2011-05-23 Headers and Header Classes

It has been three weeks since I blogged about my Email6 work. For reasons I won’t go into, I haven’t been in a position to write coherent blog posts during that time. But I have continued to work on the project, and this post will bring you part way up to date, with more to follow next week when I hope to have the next big chunk finished.

_HeaderList

The first thing I did in the process of hooking up the new header classes to the Message object was to refactor the support for the header psuedo-dictionary into a separate helper class and object. The reason for doing this is that our goal is to have the parser class create a message subclass that is appropriate to the Content-Type of the message or message component that it is processing. Currently the parser adds the headers it is collecting to the generic Message object it has created before starting the parse. The email6 version of the parser will need to collect the headers first, before creating the message object, but will need to access certain headers by name (Content-Type at a minimum) before creating the message object. By having a separate helper class and object, the parser can populate the message header collection, and then assign it to the message object after the message object is created.

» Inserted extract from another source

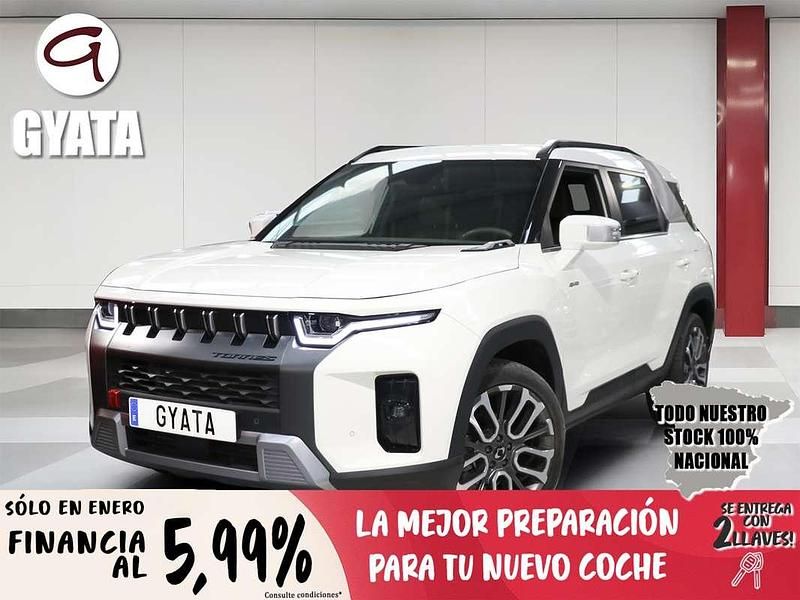 Blanco Usado 2024 Ssangyong (KGM) Torres SUV | 27.990 € (Buen precio) - Imagen 1/4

This refactoring also makes sense in that it isolates the code that deals with headers from the other message object code that deals with the payload and other message-level operations. So I now have a _HeaderList class, a subclass of list, that has the __getitem__ __delitem__, __contains__, keys, values, items, get and get_all methods on it. An instance of this object is assigned to the _headers attribute of the Message, and Message delegates those methods to its _headers attribute. In the final API we may have the message have a headers attribute and make accessing the headers as a psuedo-dictionary through that attribute the blessed way of doing things, deprecating calling the methods directly on the message object.

The _HeaderList class manipulates new style headers. In the traditional Message class the list of headers was a list of (name, value) tuples. In _HeaderList, in contrast, the list is a list of header objects. Each header object has a name attribute, so the translation from the old code to the new was very straightfoward. The current _HeaderList also continues to use an (updated) version of the email 5.1 _sanitize_headers function, which will convert RFC-invalid binary headers into Header objects with an encoding of unknown-8bit. This mechanism will only get triggered if decoded_headers is False, so it is purely a backward compatibility measure. When decoded_headers is True, the string value of the header will have unicode “unknown character” symbols in place of the unknown bytes, while the actual bytes remain accessible through the source_value attribute of the header. (Note: in recent discussions on the email-sig list it was decided to rename the source_value attribute of new-style headers to source, and decoded to value.)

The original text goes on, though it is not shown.